* Exercise aim *
Write out exactly, excluding pictures, the lines from the one containing "Le Point (Französisch)" through the end of the data, both included.

* Source material *
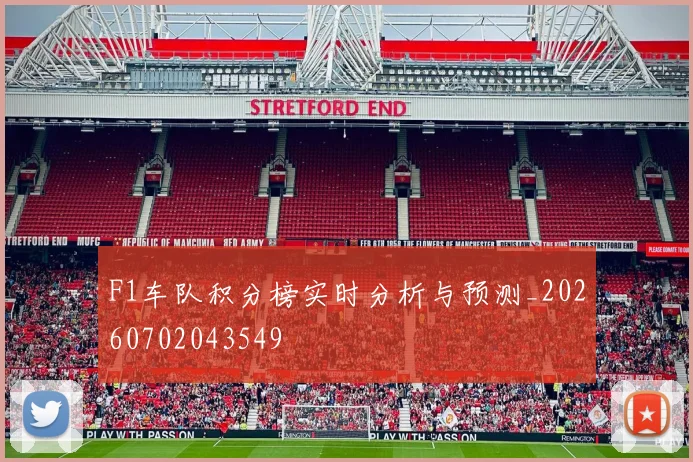 F1车队积分榜实时分析与预测_20260702043549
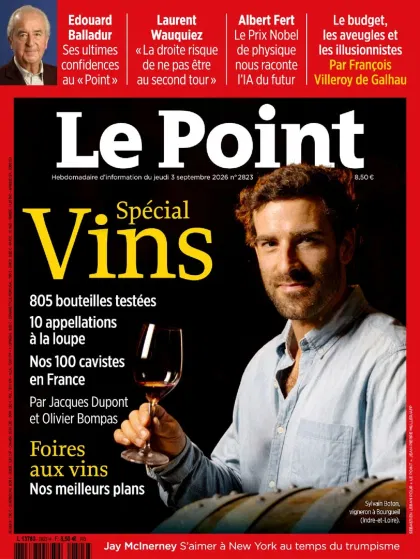 Le Point (Französisch)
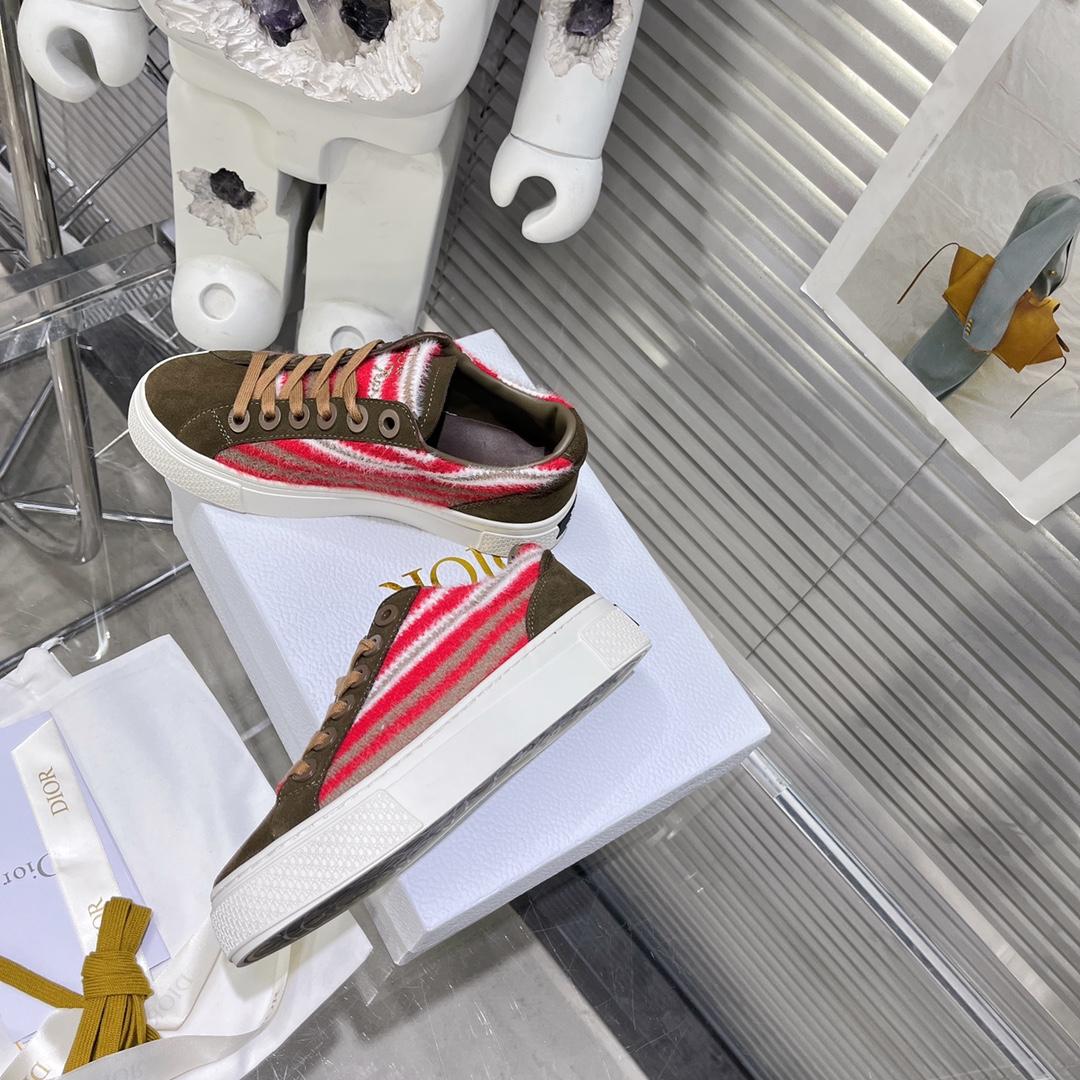 Dior D-Tears Sneaker - DopestKickz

* Solution for this problem *
 Le Point (Französisch)
 Dior D-Tears Sneaker - DopestKickz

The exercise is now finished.